> **Dataset records**:
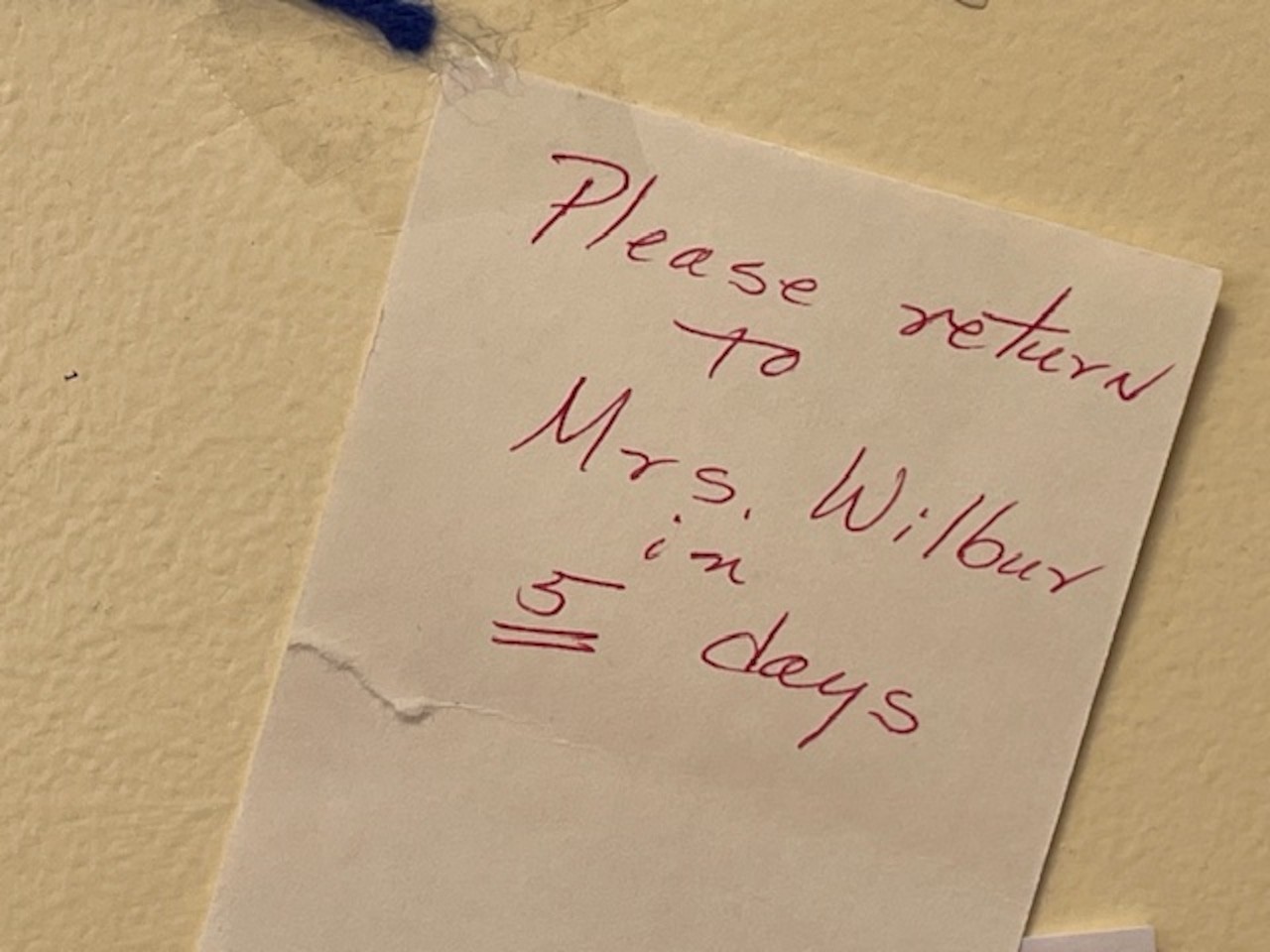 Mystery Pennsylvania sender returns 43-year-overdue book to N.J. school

--

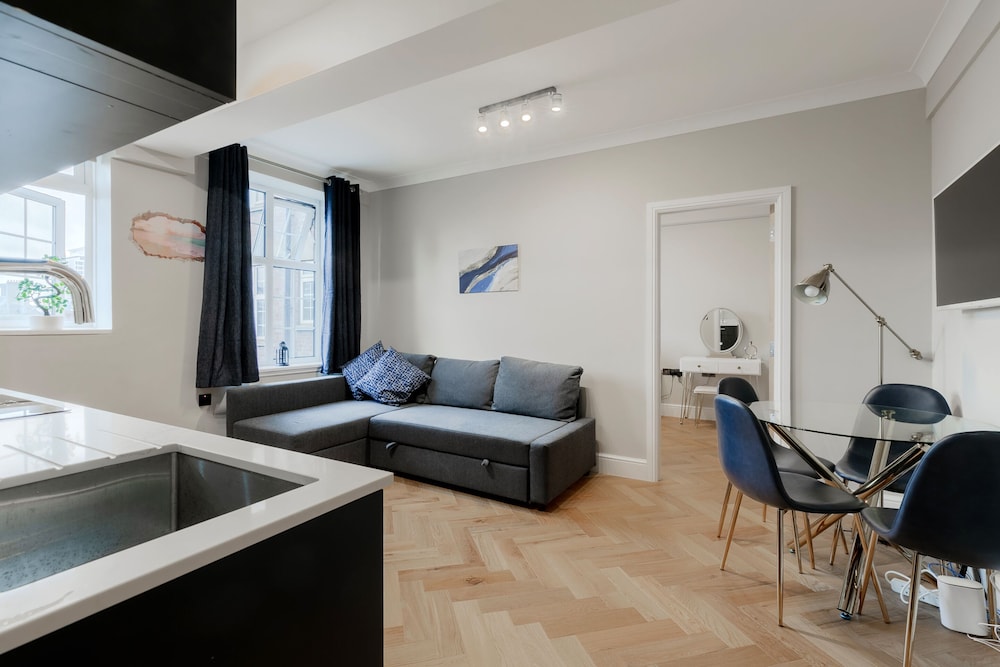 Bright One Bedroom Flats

==

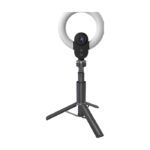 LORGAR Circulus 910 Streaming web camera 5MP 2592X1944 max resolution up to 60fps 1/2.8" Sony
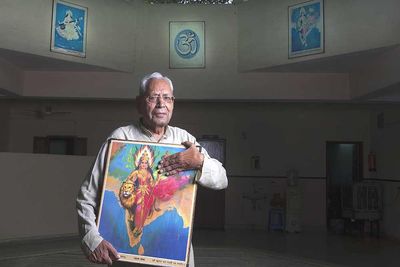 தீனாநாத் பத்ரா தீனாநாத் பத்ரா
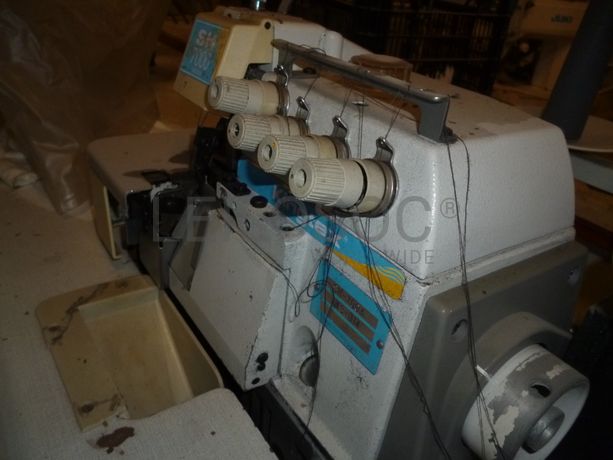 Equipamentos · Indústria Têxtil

> **Task details**:
Copy back exactly the lines above from the one containing "தீனாநாத் பத்ரா தீனாநாத் பத்ரா" through the one containing "Equipamentos · Indústria Têxtil", and leave every picture behind.

> **Written answer**:
 தீனாநாத் பத்ரா தீனாநாத் பத்ரா
 Equipamentos · Indústria Têxtil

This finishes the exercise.